Frederick Taylor was a 19th century industrial reformer working at the University of Pennsylvania. He was interested in developing a theory of "scientific management" that could get more production out of existing workforces and physical plants through efficiency increases. Taylor basically figured out that you could break down the process of making, say, a widget, into discrete physical steps. Furthermore, you could, at least in theory, find the most efficient possible motions for completing each physical step. Once you had that, you were supposed to retrain your workers to perform those steps in that exact way, and viola, big boost to efficiency. And it worked--sorta. Turns out, humans hate truly mindless work. In Taylor's defense, he understood this and advocated better pay and working conditions for workers in compensation. This wasn't just out of the goodness of his heart; he realized that if you didn't try to make workers happier, all your production efficiencies would be lost to strikes, turnover, and sabotage. Which is exactly what happened; the response to Taylorism was the explosive growth of the union movement in the early 20th century. It finally settled down in the 1930s into pretty much the arrangement we have today; assembly line workers do mindless, draining robot work (when actual robots aren't doing it) in exchange for pay and benefits significantly above average for that skill and education level (retail work requires far more problem solving than working on an assembly line, but retail workers are almost universally paid minimum wage).
In the meantime, around the same time, someone got the bright idea that if Taylorism works for widget factories, then it should work for schools, too.

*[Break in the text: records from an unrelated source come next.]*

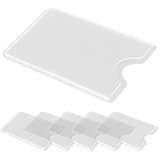 6 x Transparente kartenhülle hartplastik,kartenschutz,card case,ec karten schutzhülle,kreditkartenhülle,scheckkartenhülle,kartenschutzhülle für ec karte bankkarten kreditkarten für ihre Geldbörse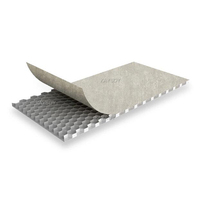 Panneau alvéolé en aluminium incurvé à grain de bois imperméable 6mm 8mm 10mm 20mm pour centres commerciaux d'hôpitaux en aluminium composite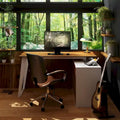 Modern L-Shaped Desk with Storage Cabinet & Drawers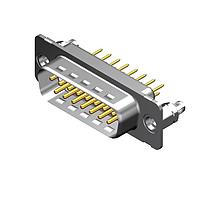 Molex / FCT 173109-2450 D-Sub Connectors - Standard Density FCT DSUB STR PC PLG 25 PN W/SNAPIN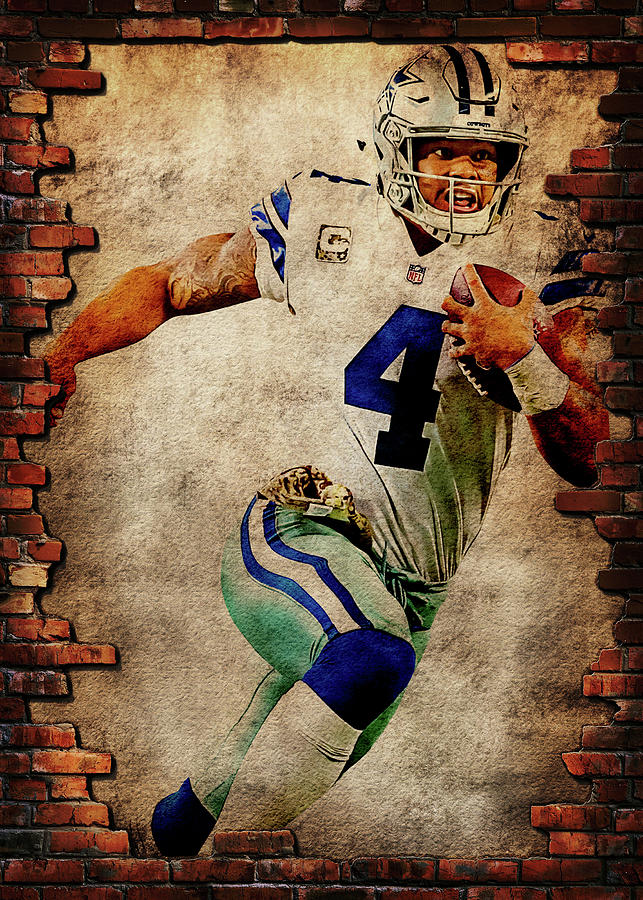 Dallas Cowboys Player Dak Prescott Dakprescott Dak Prescott Digital Art ...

The idea was that if you broke down teaching into discrete steps, and then identified the most efficient way to carry them out, and then trained teachers to carry them out exactly that way, you could educate students more efficiently. As much as possible, teaching is supposed to be robotic; all actual decision-making power is in the hands of the administration. And I mean all of it--even things like the thermostat setting are, under most school districts' charters, entirely in the hands of the front office. This necessarily produces a one-size-fits-all curriculum; the curriculum is written by experts in the central office, either at the district or state level, and the teachers teach it exactly the way they're instructed. This is literally still in effect--I've seen 180 day lesson plans assigned to teachers before the school year starts, with all classroom activities, homework assignments, and exams already written up. They're designed, unsurprisingly, according to the state standardized tests. People talk about teachers "teaching to the test" as if that's an unforeseen consequence of high-stakes standardized testing, when really, it's a designed outcome. The tests are written based on what whoever wrote it thinks is an appropriate curriculum for that subject and grade level. People defend the tests with the argument, "Oh, well, they just test what they think is a grade-appropriate level of knowledge for that subject; the teachers can get there any way they want", but that's not how they're written, and, anyway, hardly anybody can agree on what a student should know at any given age anyway. Even talking about "a student" is nonsense; students have wildly varying levels of ability and interest.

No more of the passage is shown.